Researchers at Chungnam National University has found a new gene that causes Armfield syndrome, a disorder accompanied by developmental and intellectual disabilities, and identified the mechanism of action at the molecular level.
|Chungnam National University Professor Kim Chul-hee and his research team have found a new gene that causes Armfield syndrome and identified the mechanism of action at the molecular level. (CNU)|
Armfield syndrome, first reported in 1999, is also a major cause of autism. The disease is an X-chromosome-related intellectual disorder that affects only men.
The team, led by Professor Kim Cheol-hee, found FAM50A as a candidate gene for Armfield syndrome through a four-generation family tree analysis, gene mapping, and patient genome big data in 2015. Director Charles Schwartz at the Greenwood Genetic Center in the U.S. also participated in the study.
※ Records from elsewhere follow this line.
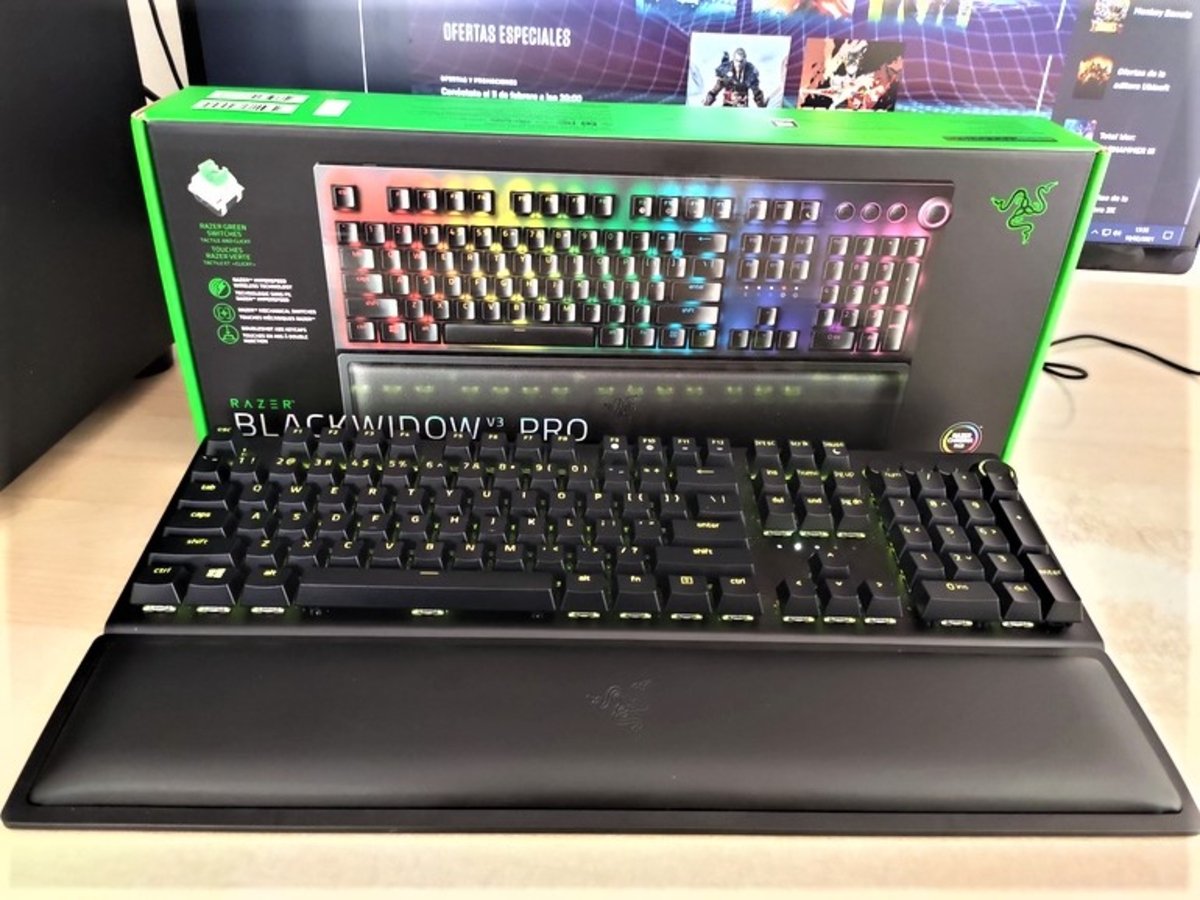 razer blackwidow elite lazada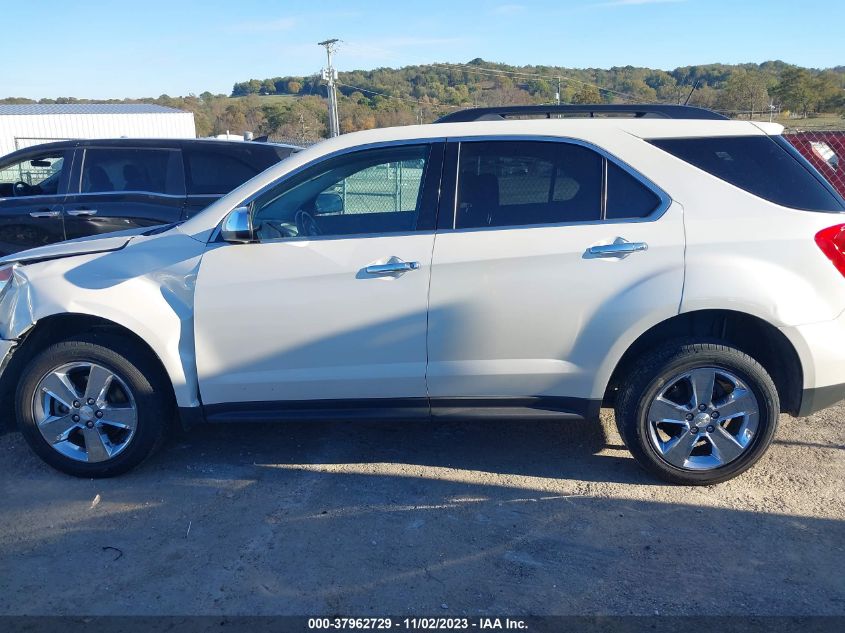 2014 CHEVROLET EQUINOX 1LT - 1GNALBEK8EZ121404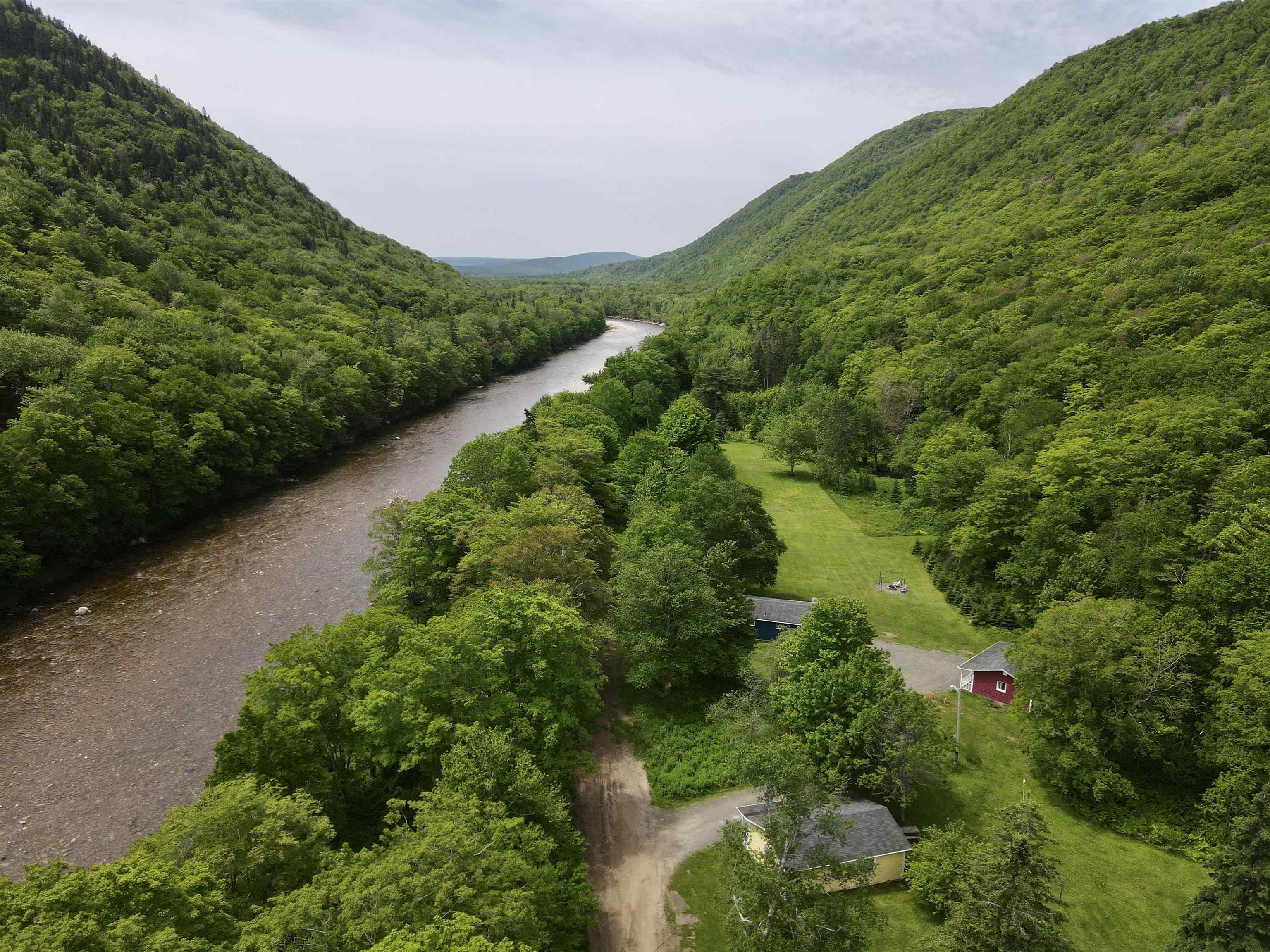 $765,000.00: 3719 West Big Intervale Road, Margaree Valley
To verify their results, the team conducted a zebrafish model animal experiment using genetic scissors technology and RNA transcript and protein big data analysis. The researchers then identified the action principle of FAM50A at the molecular level, and finally confirmed that the gene as a causative agent of intellectual disability.
|Pedigrees of the five families reported in this study are shown, with FAM50A genotype given for each available individual. Photographs of available affected males are provided for each pedigree. For family K8100, photographs are provided for the two affected males in generation IV at ages 8 and 4 years, when the family was originally published4; new photos from the last clinical assessment (December 2017) are shown (28 and 24 years). Ratios under females II-2, III-2, III-3, III-5, and IV-3 represent X-inactivation data. Females II-3 and II-7 were uninformative (ui) at the AR locus. Circles, females; squares, males; unfilled shapes, unaffected; black filled shapes, affected; unshaded circle with black dot, carrier female as determined by FAM50A analysis or by pedigree structure; diagonal line, deceased. Male K8100-III-6 had macrocephaly, seizure disorder, bilateral ventricular enlargement, and atrophy of the left hemisphere on a pneumoencephalogram; he was unavailable for FAM50A genotyping.|
The finding is the outcome of 20 years of research efforts from patient reporting to the discovery and verification of the causative gene,” the team said. “Thanks to advances in patient genome big data analysis technology and cutting-edge genetic scissors technology, we could present a breakthrough in the field of developmental and intellectual disability research, whose causes were unknown in the past.”
Professor Kim said, “The intellectual disorder and epileptic gene discovered in 2015 laid the cornerstone for the global patient foundation establishment in 2018, and it can be used as a molecular diagnostic biomarker.”
This study can also be used as a biomarker for early molecular diagnosis in the short term, and as a source technology for developing therapeutics through disease modeling in the mid- to long term, he added.
The journal Nature Communications published the study in its July edition.